■ **Records from a data source**:
- Opening Delimiter -

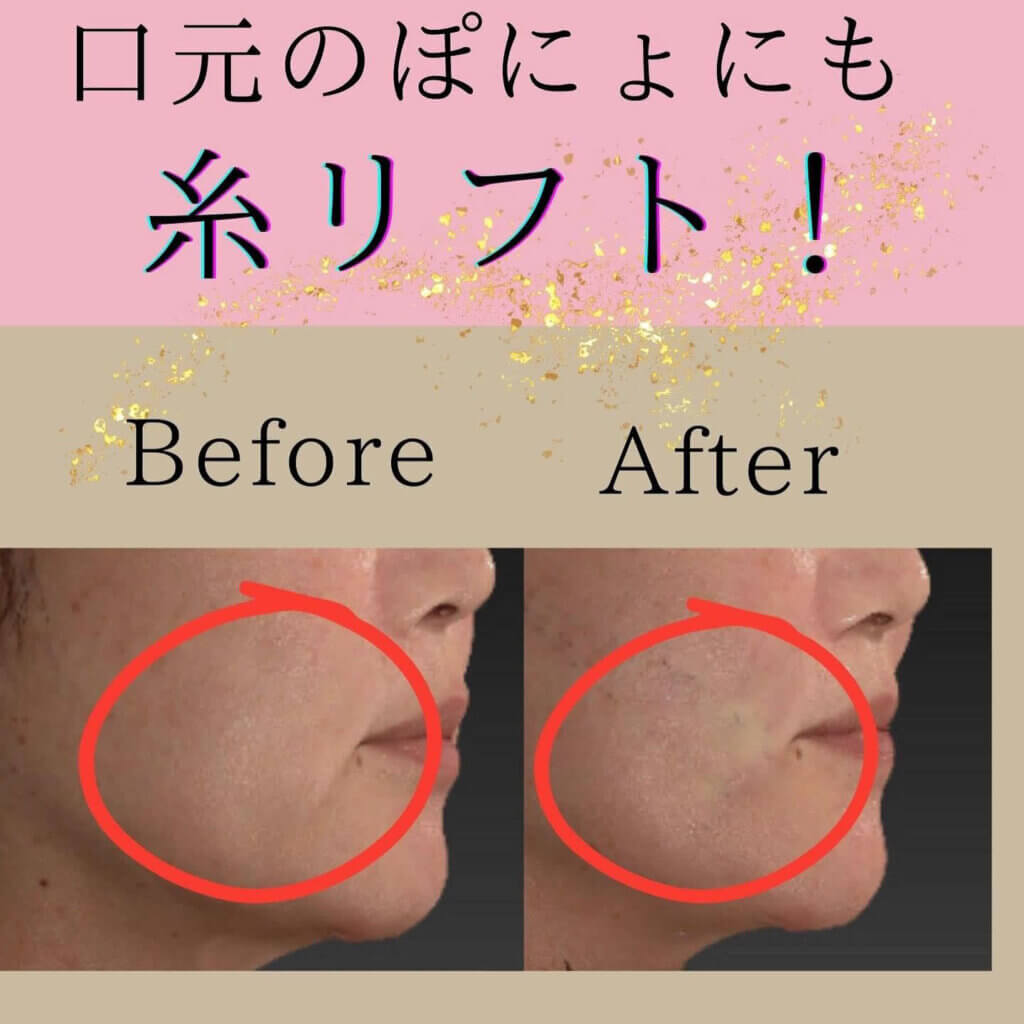 鹿児島で口元のもたつきを糸リフトで改善した症例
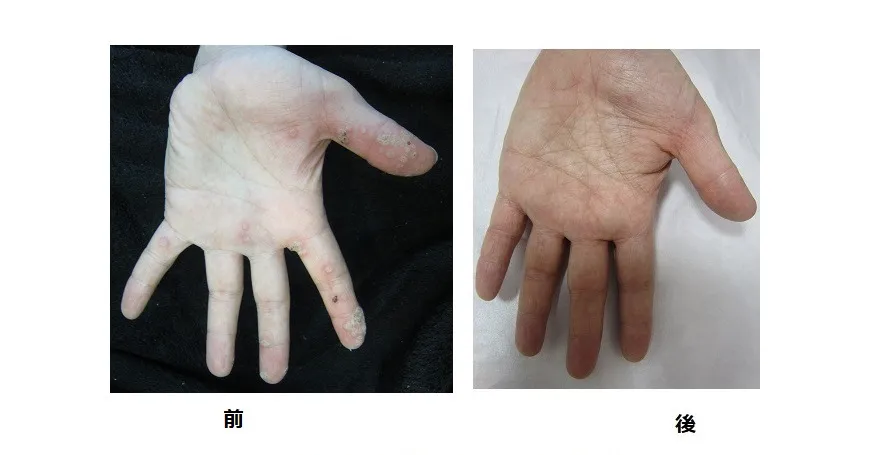 外用PDT3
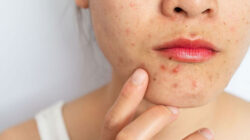 How To Get Rid Of Period Acne? The Cause And Guide To Deal With It!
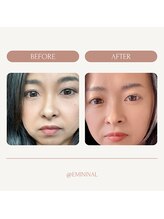 エミニナル(EMININAL)/【フェイシャル】変化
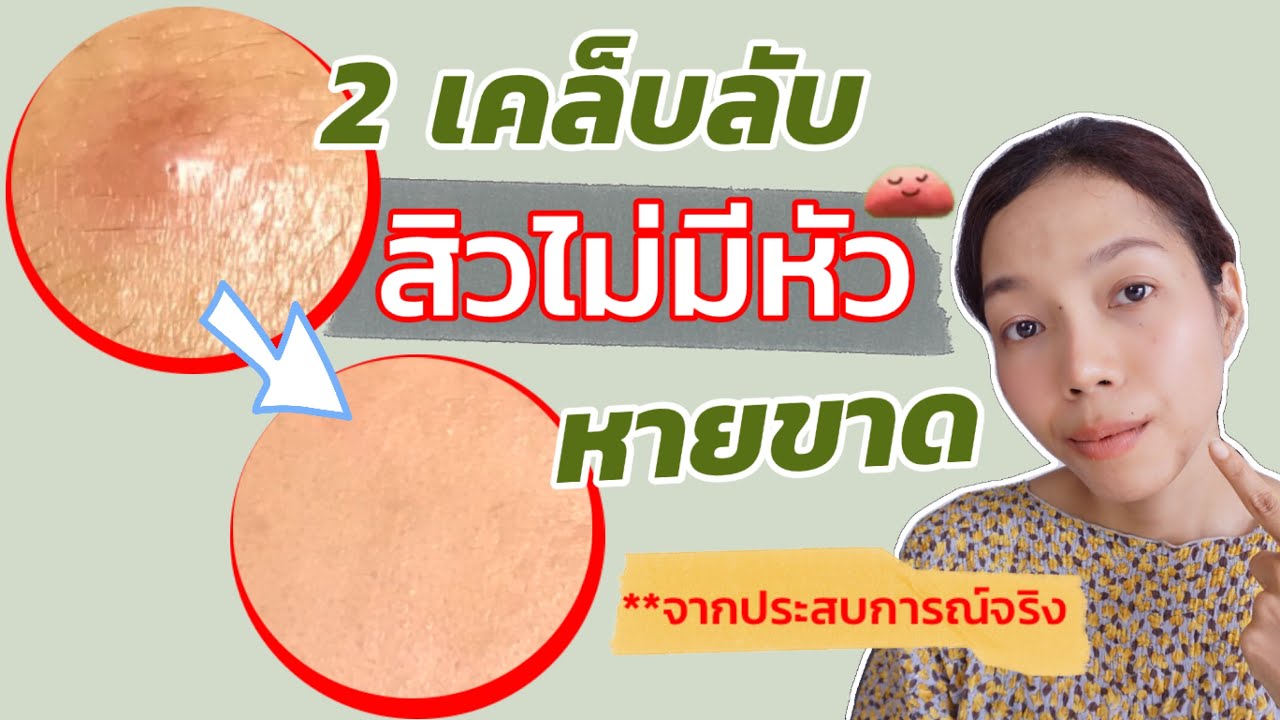 สิวไม่มีหัว ทำไงให้หาย จากประสบการณ์จริง!! ไม่ต้องบีบ แคะแกะเกาให้เป็นรอย | รักษาสิว | เฮลตี้นี่คะ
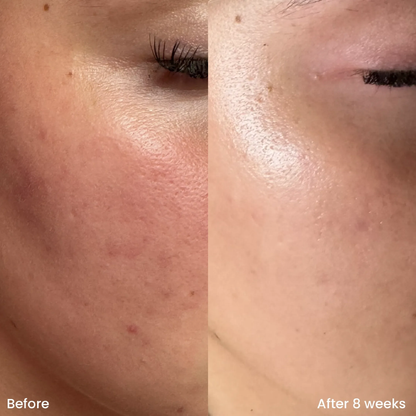 Teashell Niacinamide Brightening Serum | Fade Dark Spots, Acne Marks & Even Skin Tone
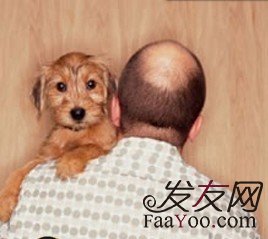 新疆植发手术靠不靠谱?收费是怎么算的?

- Closing Delimiter -

■ **WHAT IS EXPECTED**:
Using the data above, print every line exactly, omitting pictures.

■ **REPLY**:
 鹿児島で口元のもたつきを糸リフトで改善した症例
 外用PDT3
 How To Get Rid Of Period Acne? The Cause And Guide To Deal With It!
 エミニナル(EMININAL)/【フェイシャル】変化
 สิวไม่มีหัว ทำไงให้หาย จากประสบการณ์จริง!! ไม่ต้องบีบ แคะแกะเกาให้เป็นรอย | รักษาสิว | เฮลตี้นี่คะ
 Teashell Niacinamide Brightening Serum | Fade Dark Spots, Acne Marks & Even Skin Tone
 新疆植发手术靠不靠谱?收费是怎么算的?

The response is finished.